В каждом из его романов есть один из этих кротких безумцев, бедные, растерянные мысли которых парят, словно белые птицы, высоко над юдолью забот " печали, для которых жизнь - не тяжкий труд и сложная задача, а лишь блаженная, непонятная, но красивая игра. Трогательно видеть, как. он изображает этих людей. Прикасаясь к ним осторожно, как к больным, он венчает их ореолом большой доброты. Они для него - блаженные, навеки оставшиеся в раю детства, потому что детство в произведениях Диккенса - это рай. Когда я читаю романы Диккенса, мне всегда становится грустно и боязно, по мере того как дети в них подрастают; я знаю, постепенно исчезает самое сладостное, самое безвозвратное, поэзия скоро смешается с условностями, чистая правда - с английской ложью.

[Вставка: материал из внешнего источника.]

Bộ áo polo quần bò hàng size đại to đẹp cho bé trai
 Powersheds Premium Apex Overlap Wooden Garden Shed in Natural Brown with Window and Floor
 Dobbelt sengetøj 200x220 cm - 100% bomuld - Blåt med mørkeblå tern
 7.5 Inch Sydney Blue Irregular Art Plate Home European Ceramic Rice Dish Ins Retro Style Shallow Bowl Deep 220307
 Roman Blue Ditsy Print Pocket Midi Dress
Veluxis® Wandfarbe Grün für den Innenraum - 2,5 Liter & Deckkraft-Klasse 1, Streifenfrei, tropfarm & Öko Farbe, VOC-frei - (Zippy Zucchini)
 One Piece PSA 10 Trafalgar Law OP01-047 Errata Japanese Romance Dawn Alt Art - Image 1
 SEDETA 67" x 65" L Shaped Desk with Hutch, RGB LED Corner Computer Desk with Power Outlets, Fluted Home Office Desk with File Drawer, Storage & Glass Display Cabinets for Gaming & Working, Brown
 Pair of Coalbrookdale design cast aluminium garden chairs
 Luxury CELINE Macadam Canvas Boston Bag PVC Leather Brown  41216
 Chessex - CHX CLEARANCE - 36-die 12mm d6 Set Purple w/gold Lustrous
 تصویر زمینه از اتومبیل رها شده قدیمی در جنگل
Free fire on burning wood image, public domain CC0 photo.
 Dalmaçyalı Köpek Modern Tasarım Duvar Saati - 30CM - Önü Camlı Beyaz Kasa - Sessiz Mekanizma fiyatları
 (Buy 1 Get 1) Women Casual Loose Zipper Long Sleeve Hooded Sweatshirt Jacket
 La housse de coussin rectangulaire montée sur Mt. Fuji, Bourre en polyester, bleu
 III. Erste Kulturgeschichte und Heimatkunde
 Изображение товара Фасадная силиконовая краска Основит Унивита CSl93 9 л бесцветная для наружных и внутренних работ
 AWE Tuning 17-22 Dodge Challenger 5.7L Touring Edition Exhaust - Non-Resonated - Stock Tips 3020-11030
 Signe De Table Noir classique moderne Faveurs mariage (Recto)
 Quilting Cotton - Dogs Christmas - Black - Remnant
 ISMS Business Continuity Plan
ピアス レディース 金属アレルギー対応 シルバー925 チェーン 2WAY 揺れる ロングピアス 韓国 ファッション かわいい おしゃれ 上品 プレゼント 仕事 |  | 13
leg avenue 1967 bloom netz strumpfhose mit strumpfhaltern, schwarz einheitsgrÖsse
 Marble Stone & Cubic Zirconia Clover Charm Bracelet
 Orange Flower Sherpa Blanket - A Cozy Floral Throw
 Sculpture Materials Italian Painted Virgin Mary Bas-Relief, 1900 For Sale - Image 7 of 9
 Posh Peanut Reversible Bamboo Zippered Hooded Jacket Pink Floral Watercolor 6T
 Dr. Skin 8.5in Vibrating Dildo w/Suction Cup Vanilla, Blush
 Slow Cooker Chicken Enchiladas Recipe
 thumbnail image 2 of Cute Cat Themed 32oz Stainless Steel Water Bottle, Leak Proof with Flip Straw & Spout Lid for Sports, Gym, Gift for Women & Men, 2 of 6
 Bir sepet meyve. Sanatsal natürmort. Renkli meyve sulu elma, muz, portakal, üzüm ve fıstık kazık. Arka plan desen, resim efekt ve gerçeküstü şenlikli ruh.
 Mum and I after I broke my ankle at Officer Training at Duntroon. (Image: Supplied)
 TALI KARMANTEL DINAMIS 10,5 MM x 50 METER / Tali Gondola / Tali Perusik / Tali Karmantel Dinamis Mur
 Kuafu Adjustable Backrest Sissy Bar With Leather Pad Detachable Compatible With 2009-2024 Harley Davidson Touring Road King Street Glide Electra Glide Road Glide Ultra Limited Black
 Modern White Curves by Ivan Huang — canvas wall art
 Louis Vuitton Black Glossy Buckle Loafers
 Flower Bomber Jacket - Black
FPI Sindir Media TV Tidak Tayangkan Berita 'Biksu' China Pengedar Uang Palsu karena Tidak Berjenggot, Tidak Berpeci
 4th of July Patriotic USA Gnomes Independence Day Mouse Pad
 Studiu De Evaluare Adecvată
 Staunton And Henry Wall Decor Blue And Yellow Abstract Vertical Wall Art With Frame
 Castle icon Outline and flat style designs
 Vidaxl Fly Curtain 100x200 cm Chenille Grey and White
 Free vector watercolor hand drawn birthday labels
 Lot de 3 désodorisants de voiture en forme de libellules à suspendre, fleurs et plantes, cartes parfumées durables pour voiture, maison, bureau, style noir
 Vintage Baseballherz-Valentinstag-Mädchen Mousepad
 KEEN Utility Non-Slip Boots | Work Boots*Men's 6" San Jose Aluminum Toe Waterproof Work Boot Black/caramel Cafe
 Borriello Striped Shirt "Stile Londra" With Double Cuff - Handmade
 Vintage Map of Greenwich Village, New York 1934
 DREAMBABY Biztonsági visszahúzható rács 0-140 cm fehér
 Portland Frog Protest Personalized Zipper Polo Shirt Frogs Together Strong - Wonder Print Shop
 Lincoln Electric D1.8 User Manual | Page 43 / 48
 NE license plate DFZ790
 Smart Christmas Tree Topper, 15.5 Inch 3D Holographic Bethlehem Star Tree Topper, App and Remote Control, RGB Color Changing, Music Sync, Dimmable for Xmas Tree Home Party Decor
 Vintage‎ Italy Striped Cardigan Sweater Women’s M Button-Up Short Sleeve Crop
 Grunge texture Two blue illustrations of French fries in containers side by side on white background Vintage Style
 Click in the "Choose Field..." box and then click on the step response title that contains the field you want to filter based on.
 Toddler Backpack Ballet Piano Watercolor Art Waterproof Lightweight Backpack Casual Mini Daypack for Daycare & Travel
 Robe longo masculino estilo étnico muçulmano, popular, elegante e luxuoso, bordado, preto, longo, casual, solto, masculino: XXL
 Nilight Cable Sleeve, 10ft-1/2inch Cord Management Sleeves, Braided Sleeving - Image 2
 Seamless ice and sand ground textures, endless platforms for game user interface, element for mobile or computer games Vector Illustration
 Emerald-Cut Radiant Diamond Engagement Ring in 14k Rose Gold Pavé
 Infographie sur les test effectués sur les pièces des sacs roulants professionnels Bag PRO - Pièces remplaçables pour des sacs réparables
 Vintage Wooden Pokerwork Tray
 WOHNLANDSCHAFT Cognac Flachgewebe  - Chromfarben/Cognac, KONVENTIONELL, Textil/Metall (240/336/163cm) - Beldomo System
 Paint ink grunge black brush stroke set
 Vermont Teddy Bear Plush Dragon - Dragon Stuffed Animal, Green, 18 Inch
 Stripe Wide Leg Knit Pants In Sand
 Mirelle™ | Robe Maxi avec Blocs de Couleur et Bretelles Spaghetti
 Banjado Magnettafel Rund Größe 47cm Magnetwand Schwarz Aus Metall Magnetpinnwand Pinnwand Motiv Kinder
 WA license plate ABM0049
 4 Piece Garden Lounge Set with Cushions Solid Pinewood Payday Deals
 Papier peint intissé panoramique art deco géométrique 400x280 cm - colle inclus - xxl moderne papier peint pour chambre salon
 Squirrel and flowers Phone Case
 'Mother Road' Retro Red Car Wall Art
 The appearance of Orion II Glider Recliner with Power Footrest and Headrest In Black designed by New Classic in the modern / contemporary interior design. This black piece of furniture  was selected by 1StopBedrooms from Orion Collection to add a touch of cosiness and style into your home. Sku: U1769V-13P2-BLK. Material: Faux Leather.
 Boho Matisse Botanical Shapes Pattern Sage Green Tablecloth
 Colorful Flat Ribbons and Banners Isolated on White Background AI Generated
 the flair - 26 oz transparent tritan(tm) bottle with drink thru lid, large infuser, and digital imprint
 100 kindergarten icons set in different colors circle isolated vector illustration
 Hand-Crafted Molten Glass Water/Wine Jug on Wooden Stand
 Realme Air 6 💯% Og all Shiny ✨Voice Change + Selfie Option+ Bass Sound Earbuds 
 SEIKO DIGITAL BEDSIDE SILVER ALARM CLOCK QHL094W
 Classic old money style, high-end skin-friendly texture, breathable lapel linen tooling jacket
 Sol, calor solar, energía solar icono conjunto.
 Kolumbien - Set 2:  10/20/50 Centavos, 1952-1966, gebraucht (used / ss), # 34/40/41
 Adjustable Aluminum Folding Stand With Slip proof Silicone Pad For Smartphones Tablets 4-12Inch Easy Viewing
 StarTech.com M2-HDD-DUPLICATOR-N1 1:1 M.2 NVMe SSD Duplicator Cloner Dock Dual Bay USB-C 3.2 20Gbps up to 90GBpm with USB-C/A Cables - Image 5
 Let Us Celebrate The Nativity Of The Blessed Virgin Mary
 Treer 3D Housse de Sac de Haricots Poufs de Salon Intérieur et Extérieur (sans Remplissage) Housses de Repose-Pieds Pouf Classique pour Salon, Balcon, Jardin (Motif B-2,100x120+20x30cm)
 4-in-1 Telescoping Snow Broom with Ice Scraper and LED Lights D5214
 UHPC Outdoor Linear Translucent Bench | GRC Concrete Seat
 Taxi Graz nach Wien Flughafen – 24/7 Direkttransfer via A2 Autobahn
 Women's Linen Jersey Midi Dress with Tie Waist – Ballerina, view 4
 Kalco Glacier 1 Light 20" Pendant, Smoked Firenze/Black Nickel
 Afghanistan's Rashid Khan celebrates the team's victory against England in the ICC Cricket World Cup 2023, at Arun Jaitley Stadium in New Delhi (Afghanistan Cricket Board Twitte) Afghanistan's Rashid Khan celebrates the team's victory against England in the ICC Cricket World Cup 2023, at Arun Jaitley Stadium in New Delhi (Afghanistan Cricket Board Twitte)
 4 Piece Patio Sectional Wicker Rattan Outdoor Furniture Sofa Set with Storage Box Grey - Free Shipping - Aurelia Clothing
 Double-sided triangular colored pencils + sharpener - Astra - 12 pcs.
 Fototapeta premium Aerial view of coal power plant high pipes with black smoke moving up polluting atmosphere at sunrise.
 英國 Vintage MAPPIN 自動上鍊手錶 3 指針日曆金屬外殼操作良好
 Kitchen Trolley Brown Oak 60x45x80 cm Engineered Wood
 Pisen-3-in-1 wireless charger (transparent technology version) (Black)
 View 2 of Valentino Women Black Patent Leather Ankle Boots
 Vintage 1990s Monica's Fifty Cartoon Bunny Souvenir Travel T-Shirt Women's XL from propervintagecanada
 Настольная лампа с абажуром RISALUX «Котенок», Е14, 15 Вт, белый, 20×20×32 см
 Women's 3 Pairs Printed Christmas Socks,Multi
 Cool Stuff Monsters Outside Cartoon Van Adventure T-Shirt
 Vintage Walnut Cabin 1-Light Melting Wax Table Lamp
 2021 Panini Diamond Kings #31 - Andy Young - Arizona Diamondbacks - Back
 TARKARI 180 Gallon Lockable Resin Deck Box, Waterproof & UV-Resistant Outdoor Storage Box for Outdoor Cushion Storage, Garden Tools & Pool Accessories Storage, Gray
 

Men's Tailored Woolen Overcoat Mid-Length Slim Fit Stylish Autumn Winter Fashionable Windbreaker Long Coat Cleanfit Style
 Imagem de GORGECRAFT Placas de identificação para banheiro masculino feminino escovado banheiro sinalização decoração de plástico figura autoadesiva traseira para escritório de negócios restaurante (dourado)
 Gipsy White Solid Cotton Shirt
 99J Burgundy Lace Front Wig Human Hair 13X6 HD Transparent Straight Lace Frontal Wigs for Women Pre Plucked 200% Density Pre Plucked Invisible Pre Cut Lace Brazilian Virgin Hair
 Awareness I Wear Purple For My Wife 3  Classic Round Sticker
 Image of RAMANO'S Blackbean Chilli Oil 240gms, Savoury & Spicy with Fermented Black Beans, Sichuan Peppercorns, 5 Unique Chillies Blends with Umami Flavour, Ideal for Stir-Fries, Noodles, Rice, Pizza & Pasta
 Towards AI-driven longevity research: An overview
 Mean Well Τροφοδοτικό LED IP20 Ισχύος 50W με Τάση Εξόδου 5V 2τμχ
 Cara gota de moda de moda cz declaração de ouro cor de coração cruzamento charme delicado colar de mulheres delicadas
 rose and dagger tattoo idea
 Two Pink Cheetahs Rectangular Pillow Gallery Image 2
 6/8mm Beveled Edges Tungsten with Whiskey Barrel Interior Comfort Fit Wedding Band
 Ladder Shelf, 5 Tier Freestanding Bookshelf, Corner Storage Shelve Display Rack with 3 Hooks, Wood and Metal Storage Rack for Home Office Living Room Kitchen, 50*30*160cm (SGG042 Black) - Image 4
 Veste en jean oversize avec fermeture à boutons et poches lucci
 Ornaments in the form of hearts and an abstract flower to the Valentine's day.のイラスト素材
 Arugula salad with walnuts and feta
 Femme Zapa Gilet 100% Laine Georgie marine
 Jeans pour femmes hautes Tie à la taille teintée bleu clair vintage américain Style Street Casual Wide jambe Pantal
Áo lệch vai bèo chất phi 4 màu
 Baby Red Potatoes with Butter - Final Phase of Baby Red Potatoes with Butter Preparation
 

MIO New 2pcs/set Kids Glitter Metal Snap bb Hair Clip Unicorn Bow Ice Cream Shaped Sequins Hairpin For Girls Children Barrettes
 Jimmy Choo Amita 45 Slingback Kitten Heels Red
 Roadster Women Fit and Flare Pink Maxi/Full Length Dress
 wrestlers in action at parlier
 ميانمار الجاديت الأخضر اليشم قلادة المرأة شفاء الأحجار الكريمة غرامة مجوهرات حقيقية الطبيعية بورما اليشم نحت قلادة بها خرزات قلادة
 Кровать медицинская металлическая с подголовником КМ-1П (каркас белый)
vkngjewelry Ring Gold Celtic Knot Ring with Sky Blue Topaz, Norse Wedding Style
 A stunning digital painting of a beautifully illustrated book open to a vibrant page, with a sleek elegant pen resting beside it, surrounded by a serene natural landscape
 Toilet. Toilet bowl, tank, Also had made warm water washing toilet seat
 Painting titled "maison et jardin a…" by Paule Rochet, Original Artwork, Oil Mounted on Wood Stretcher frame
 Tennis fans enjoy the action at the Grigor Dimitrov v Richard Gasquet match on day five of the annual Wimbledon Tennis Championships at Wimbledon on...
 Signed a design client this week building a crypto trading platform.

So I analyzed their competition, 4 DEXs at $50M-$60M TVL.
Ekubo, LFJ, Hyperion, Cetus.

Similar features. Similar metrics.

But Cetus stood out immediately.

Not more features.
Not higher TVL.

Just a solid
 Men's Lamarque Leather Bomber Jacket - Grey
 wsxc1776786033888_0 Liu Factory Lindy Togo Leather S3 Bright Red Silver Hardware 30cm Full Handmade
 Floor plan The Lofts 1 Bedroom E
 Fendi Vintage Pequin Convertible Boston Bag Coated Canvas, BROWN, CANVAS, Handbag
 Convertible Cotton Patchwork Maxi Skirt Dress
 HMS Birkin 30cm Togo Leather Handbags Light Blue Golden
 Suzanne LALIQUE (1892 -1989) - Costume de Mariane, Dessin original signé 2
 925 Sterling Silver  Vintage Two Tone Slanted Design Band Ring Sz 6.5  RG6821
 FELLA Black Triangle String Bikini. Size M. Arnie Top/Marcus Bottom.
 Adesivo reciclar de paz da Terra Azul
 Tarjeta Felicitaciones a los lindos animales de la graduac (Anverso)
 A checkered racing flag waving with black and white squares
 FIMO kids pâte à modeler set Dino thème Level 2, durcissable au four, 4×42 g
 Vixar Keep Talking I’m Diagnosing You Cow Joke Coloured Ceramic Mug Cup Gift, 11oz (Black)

В глубине души он, кажется, и сам испытывает это чувство и потому с большой неохотой выпускает своих любимцев в жизнь. Он никогда не сопровождает их до зрелого возраста, когда они становятся обыкновенными торгашами и лавочниками; он прощается с ними, проведя их через все опасности до священных врат брака, в зеркальную гавань тихого существования. А ту, что была ему всех милей в этой пестрой. веренице, малютку Нелл (Нелл Трент-героиня романа Диккенса "Лавка древностей". Прототипом для нее, как и для некоторых других женских персонажей Диккенса, послужила умершая в семнадцатилетнем возрасте сестра его жены Мэри Хогарт.), в которой он увековечил память безвременно скончавшейся дорогой ему девушки, он совсем не впустил в грубый мир разочарований, в мир лжи. Он навсегда оставил ее в раю детства, рано сомкнув ее кроткие голубые глаза и дав ей возможность, ничего не заподозрив, перенестись из сияния весны во мрак смерти. Он слишком любил ее, чтобы отдать реальной действительности.
Ибо для Диккенса, как я уже говорил, действительность - это буржуазно-умеренная, сытая Англия, маленький участок необозримых жизненных возможностей. Этот столь жалкий мир могло обогатить только большое чувство. У Бальзака образу буржуа придала мощность ненависть писателя, у Достоевского - его любовь спасителя. Диккенс - большой художник - тоже избавляет своих героев от гнета земного притяжения благодаря своему юмору. Он не рассматривает свой мещанский мирок с объективистской важностью, не поет гимна добропорядочным героям, их спасительной деловитости и трезвости. Он добродушно и весело подмигивает им, делая их, подобно Гогфриду Келлеру и Вильгельму Раабе, чуть-чуть смешными с их карликовыми хлопотами. Но смешными именно в хорошем, добром смысле этого слова, так что за все их чудачества и проделки их только любишь еще больше.
Юмор подобно лучу солнца озаряет его книги, придает их скромному ландшафту неожиданную ясность и бесконечное обаяние, наполняя тысячами восхитительных чудес; тепло этого доброго огня делает все живее и правдоподобнее, даже притворные слезы сверкают, подобно алмазам, и маленькие страсти пылают, как настоящий пожар. Юмор Диккенса возносит его творчество в область непреходящего, делает его вечным. Как Ариэль (Ариэль добрый дух из шекспировской "Бури", находившийся в услужении у миланского герцога Просперо.), витает этот юмор в его книгах, наполняя их таинственной музыкой, увлекает их в вихревую пляску, в огромную радость жизни. Он вездесущ.